**RECORDS PROVIDED**:

====================

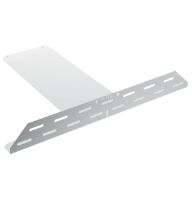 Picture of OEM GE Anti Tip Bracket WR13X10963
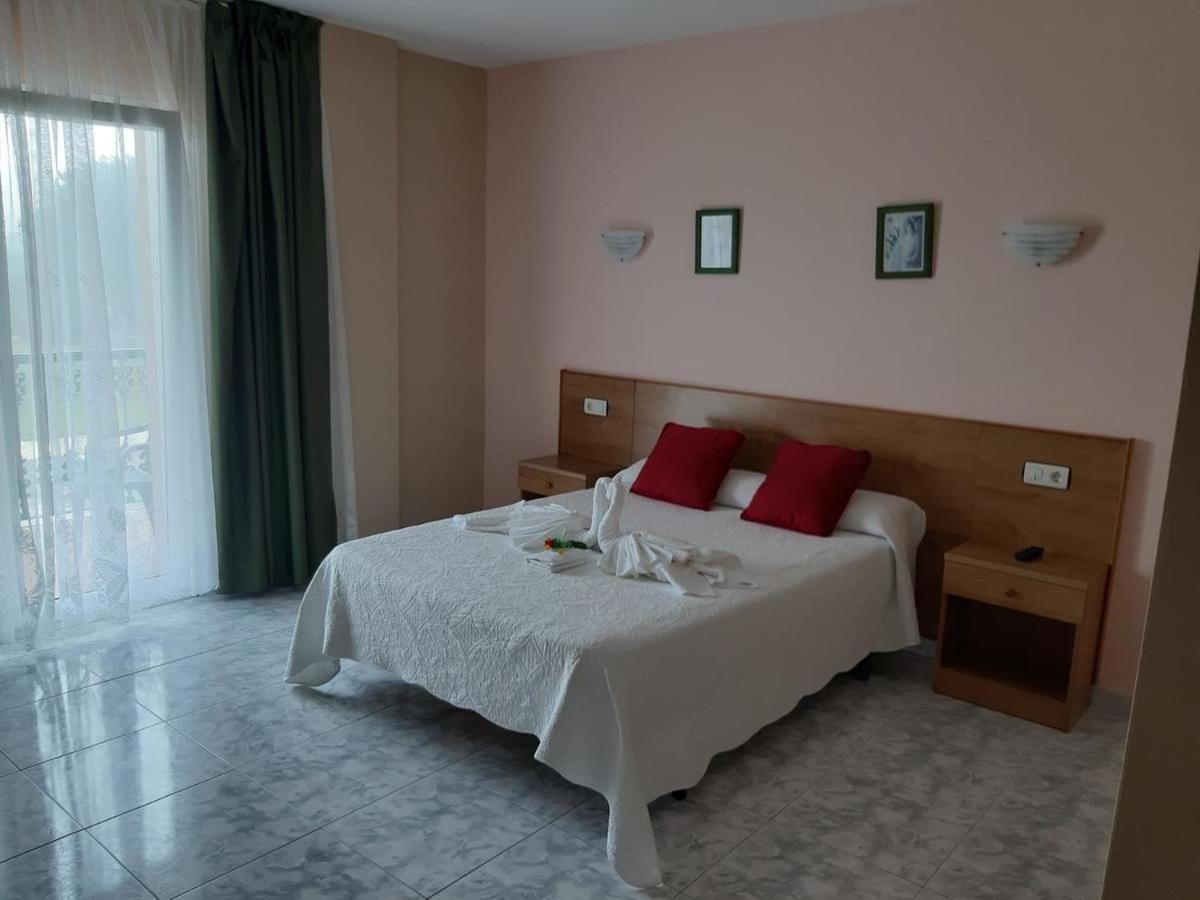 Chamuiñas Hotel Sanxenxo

====================

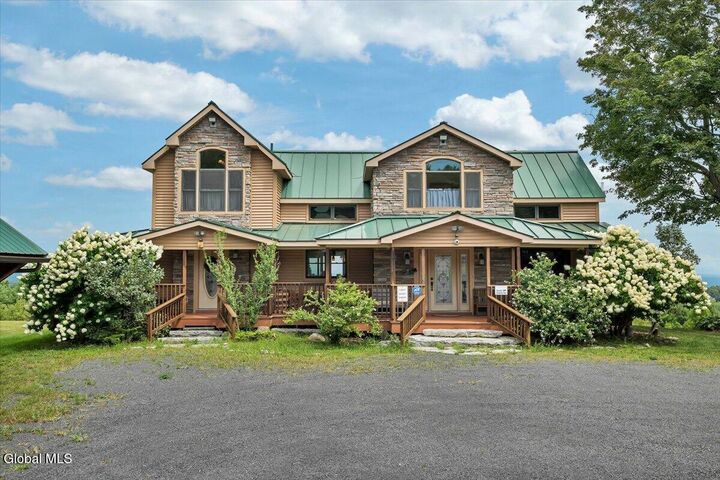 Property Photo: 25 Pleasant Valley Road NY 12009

====================

**ABOUT THIS TASK**: Copy out exactly the material that runs from the line with "Picture of OEM" to the line with "Chamuiñas Hotel Sanxenxo", ends included, and leave the pictures behind.

**PROBLEM SOLUTION**:
 Picture of OEM GE Anti Tip Bracket WR13X10963
 Chamuiñas Hotel Sanxenxo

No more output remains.